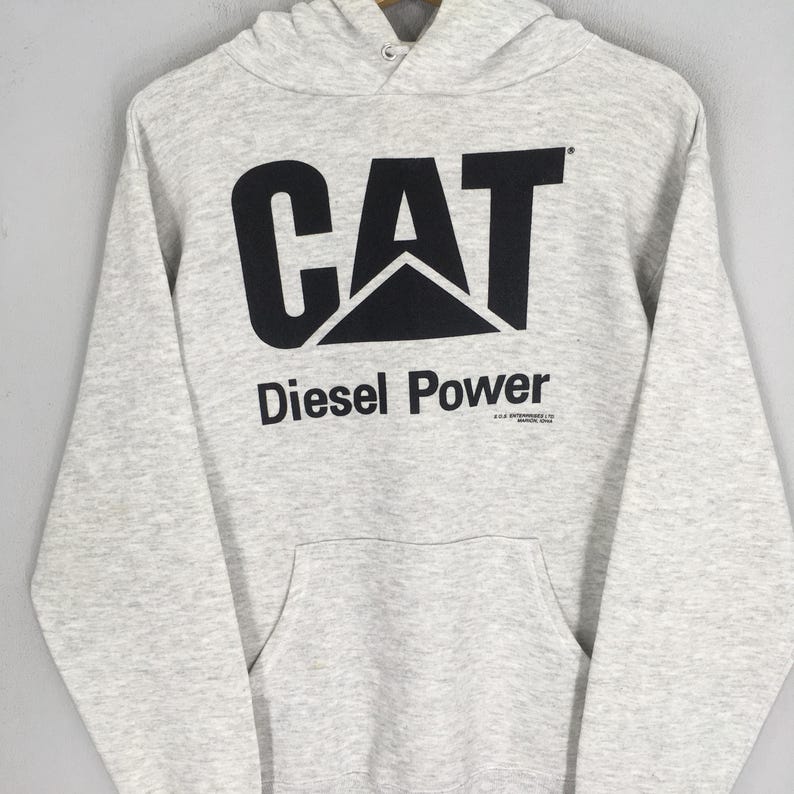 Puede incluir: Una sudadera con capucha de manga larga en color gris jaspeado claro que presenta un gran logotipo CAT negro impreso en el pecho. Debajo del logotipo, el texto dice Diesel Power en letras negras, con un peque&ntilde;o texto de copyright bajo la palabra Power.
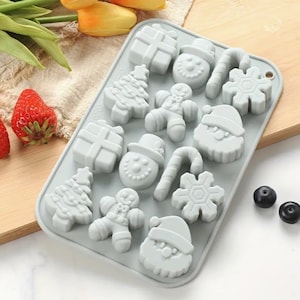 May include: A light gray silicone mold with Christmas-themed shapes, including a Christmas tree, snowman, Santa Claus, gingerbread man, snowflake, candy cane, and gift box. The mold is designed for making festive treats.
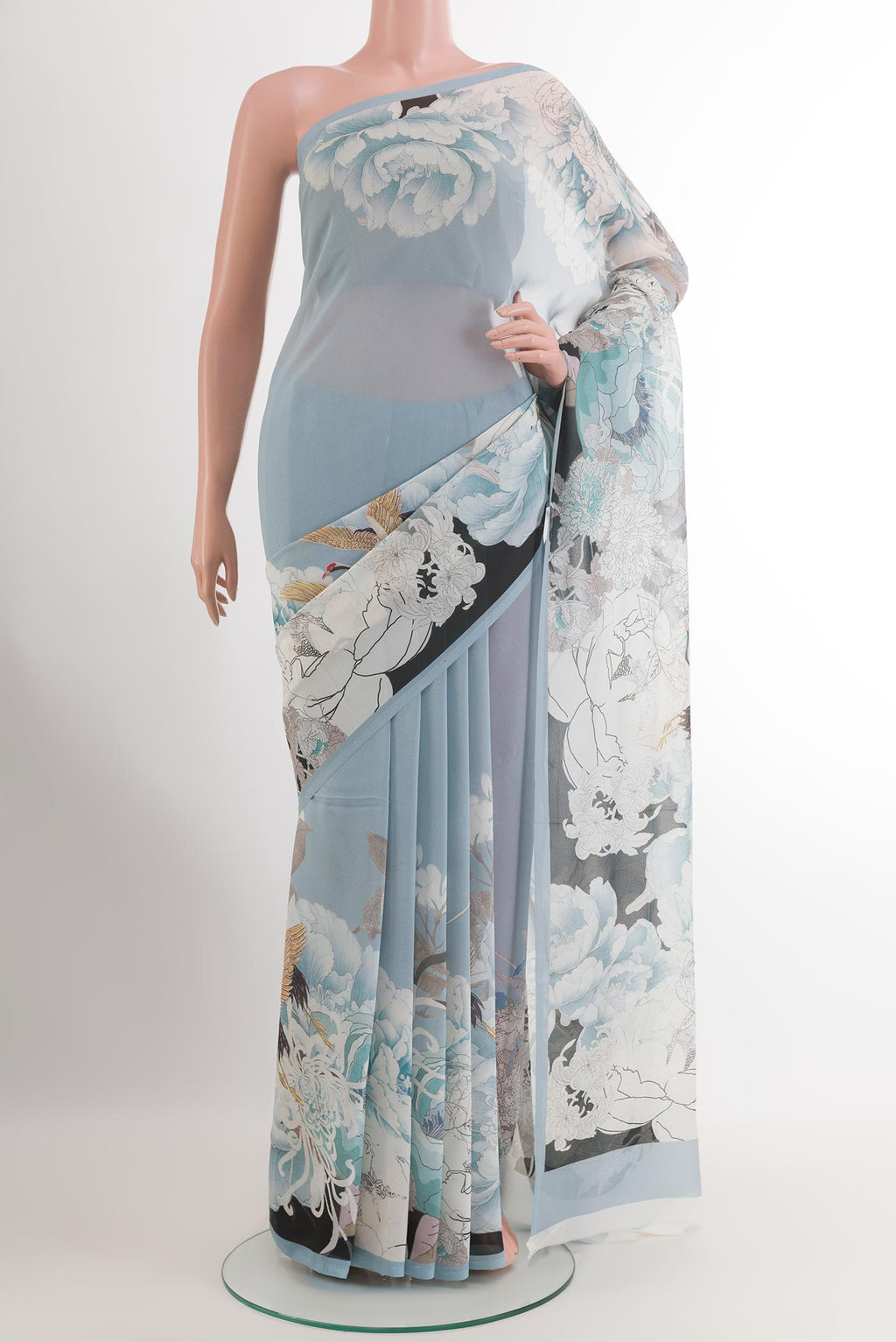 Blue Chiffon Saree with Printed design on the body and Plain Border.  displayed on a mannequin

* TASK PROMPT *
With the pictures removed, write the listing out word for word.

* RESPONSE *
 Puede incluir: Una sudadera con capucha de manga larga en color gris jaspeado claro que presenta un gran logotipo CAT negro impreso en el pecho. Debajo del logotipo, el texto dice Diesel Power en letras negras, con un peque&ntilde;o texto de copyright bajo la palabra Power.
 May include: A light gray silicone mold with Christmas-themed shapes, including a Christmas tree, snowman, Santa Claus, gingerbread man, snowflake, candy cane, and gift box. The mold is designed for making festive treats.
 Blue Chiffon Saree with Printed design on the body and Plain Border.  displayed on a mannequin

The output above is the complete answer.